From Cambridge to Brantford, the Grand Valley Trail and the Trans Canada Trail both take the Cambridge to Paris and SC Johnson Rail Trails.  However, after Brantford, the Grand Valley Trail continues along the Grand River, while the Trans Canada Trail splits into two.  One part of the TCT heads to Simcoe and the shores of Lake Erie, while the other goes to Hamilton, where it meets the Waterfront Trail on Lake Ontario.  Having finished the Grand Valley Trail, we had the rest of the TCT in the watershed in our sight.

On a beautiful early fall day, we decided it was the perfect day for a late summer trip to the beach, cycling from Brantford to Port Dover.  The Trans Canada Trail normally takes the TH&B (Toronto Hamilton and Buffalo) Rail Trail out of Brantford to Mount Pleasant where it meets the LE&N (Lake Erie and Norfolk), which runs all the way to Port Dover.  Because the TH&B was closed for reconstruction we rode the LE&N out of Brantford.  (The TCT turns off at Simcoe, eventually meeting the Waterfront Trail at Port Burwell).
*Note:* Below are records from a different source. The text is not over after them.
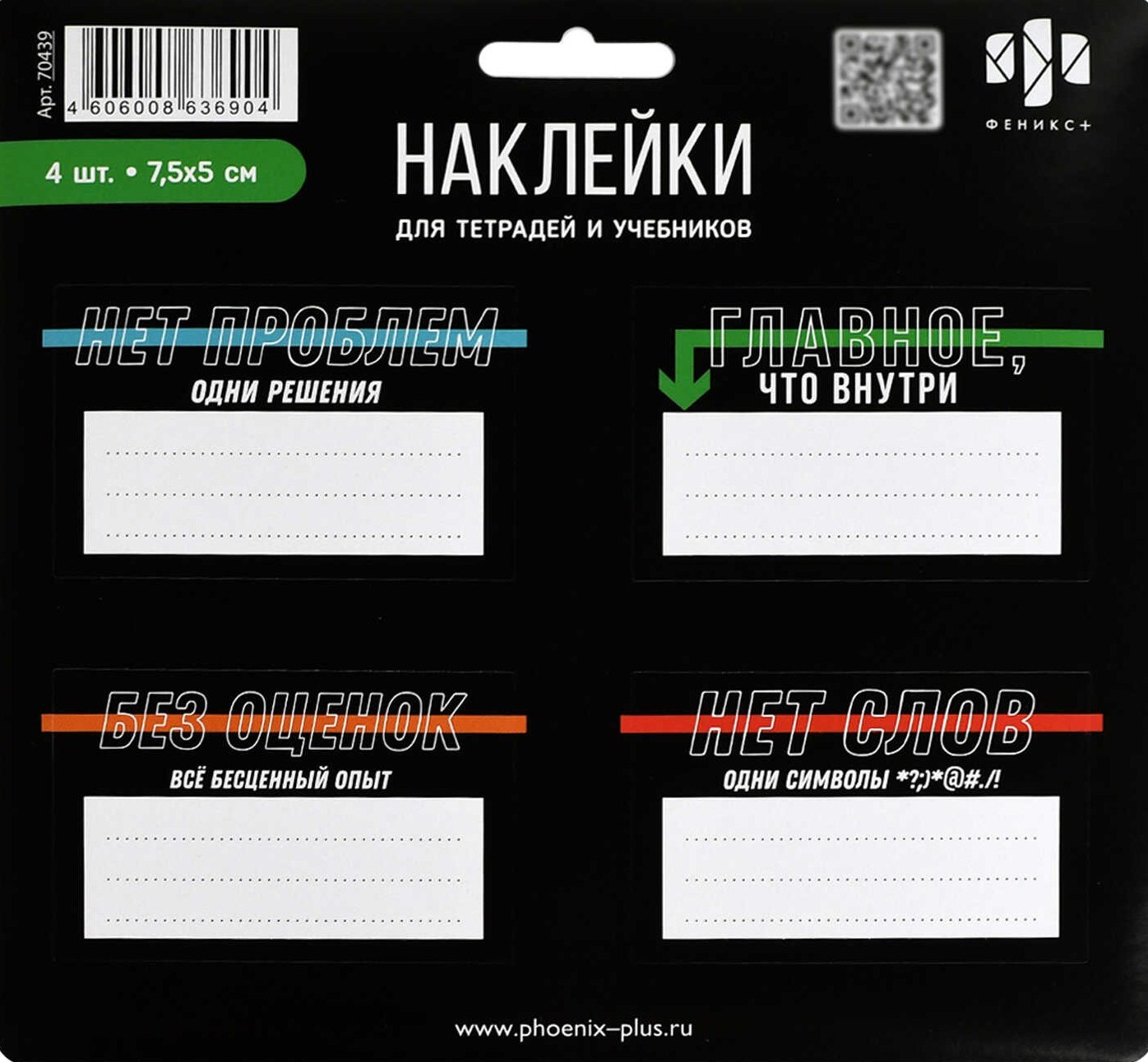 Aufkleber für Beschriftungen - Phrasen mit Charakter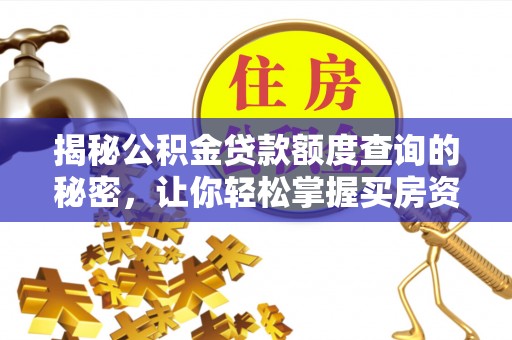 彝良揭秘公积金贷款额度查询的秘密，让你轻松掌握买房资金规划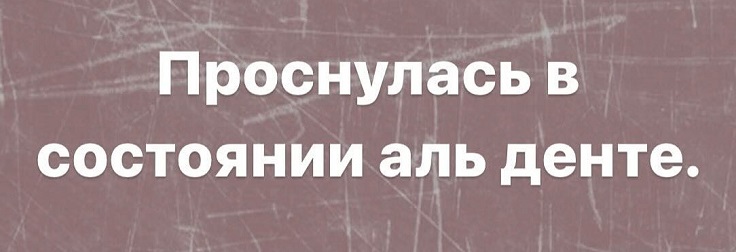 Женщинам всегда всё ясно, но выражают они это туманно 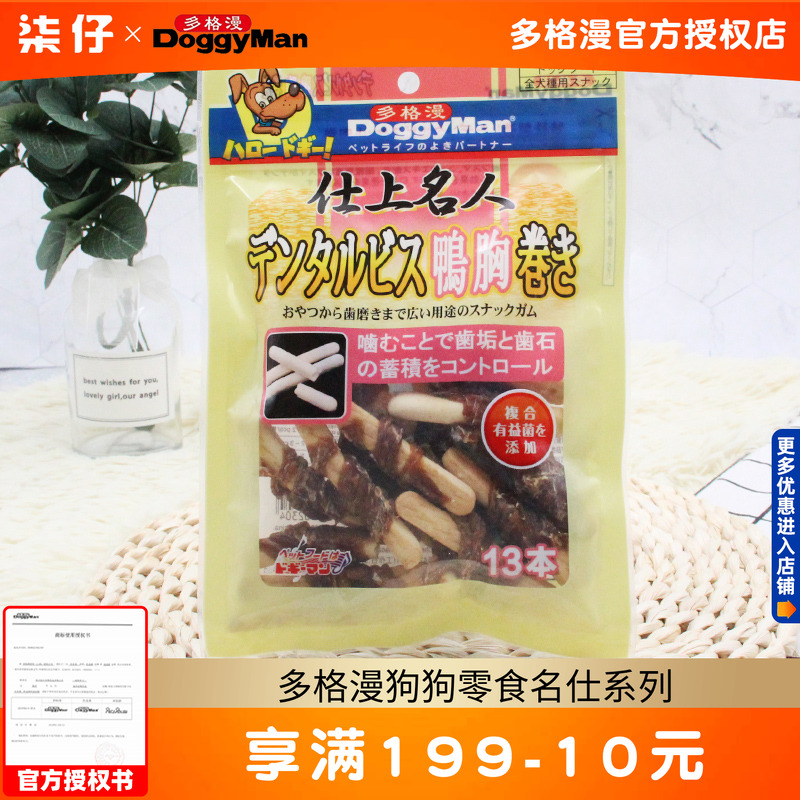 多格漫磨牙饼干小型犬通用鸭肉卷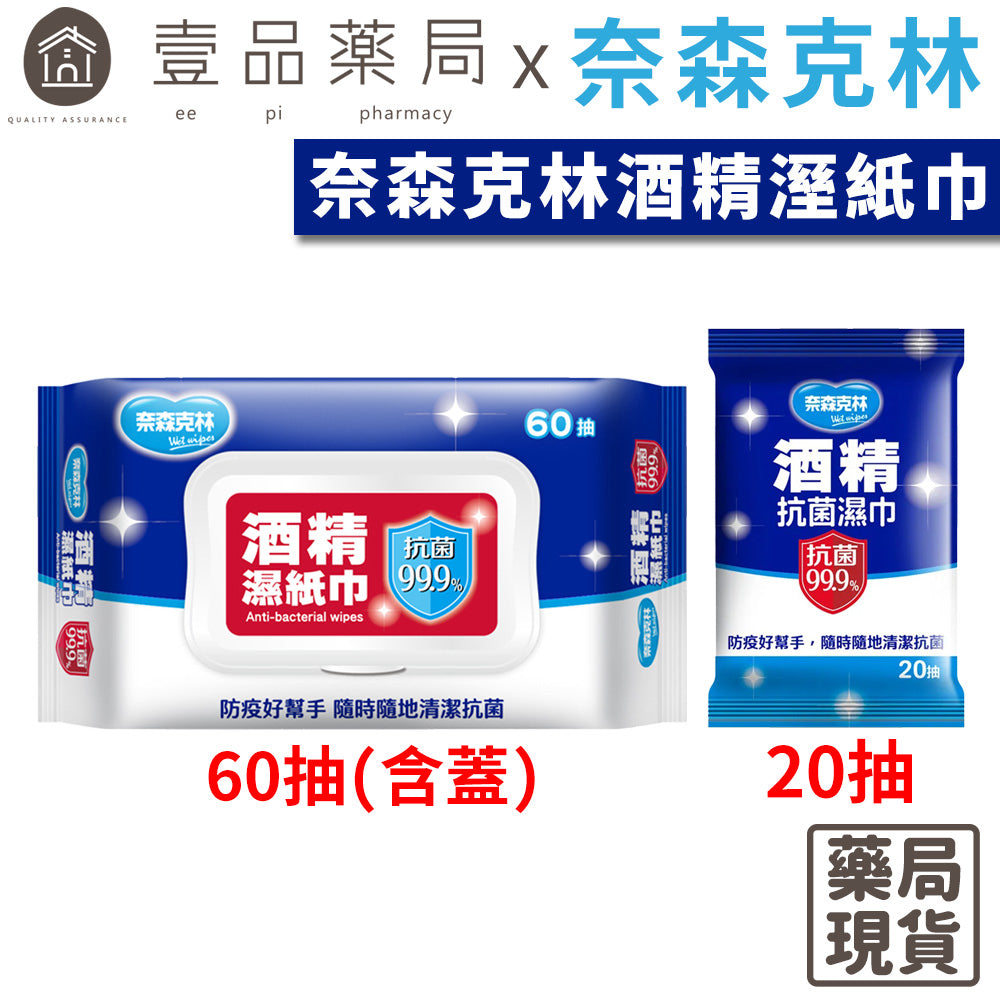 【奈森克林】酒精濕紙巾 20張/60張(含蓋) 多種規格 酒精濕巾 酒精擦濕巾 消毒 防疫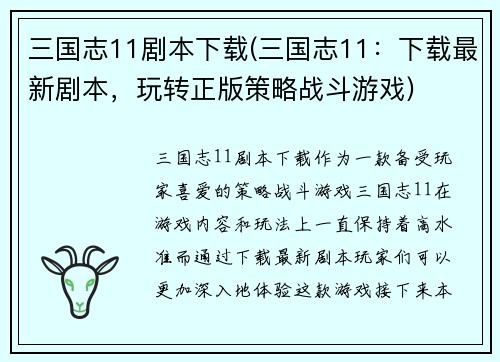 三国志11剧本下载(三国志11:下载最新剧本,玩转正版策略战斗游戏)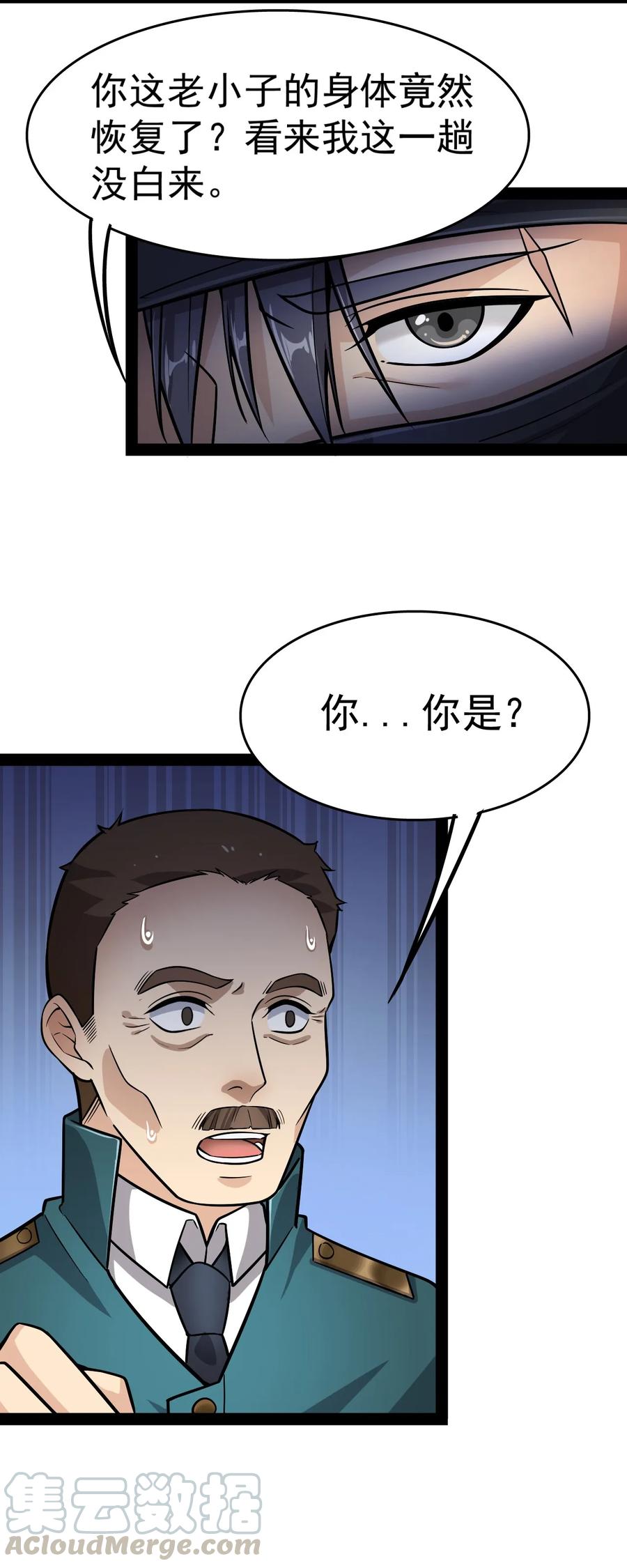 《仙王的日常生活》018 树欲静而风不止 第13页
The entire trail is a well-maintained and well-signed stone dust rail trail. The trail is shaded by the trees that have grown on either side, with farmer’s fields and market gardens visible through the foliage.  There are a few remaining tobacco fields, and many derelict tobacco tobacco drying sheds, a reminder of the days when tobacco was king in this region.

In Waterford, the trail crosses a magnificent old rail bridge over the Waterford Ponds.

Shortly thereafter we made a short detour to the Bonnieheath Estate Lavender Winery.  The winery also produces cider and various lavender-infused products, from soap to lemonade.  We cooled off as we sampled some cider and lavender lemonade and then hopped back on the bikes.

In Simcoe, the sight of the Indulge Ice Cream red double decker bus reminded us again that we were hot and tired.  An ice cream was the perfect fuel for the last stretch of the ride into Port Dover.Ice Cream Bus.


As the sun set over the palm trees on the Port Dover beach, we enjoyed fried lake pickerel and a view of the boats returning to the harbour past the lighthouse.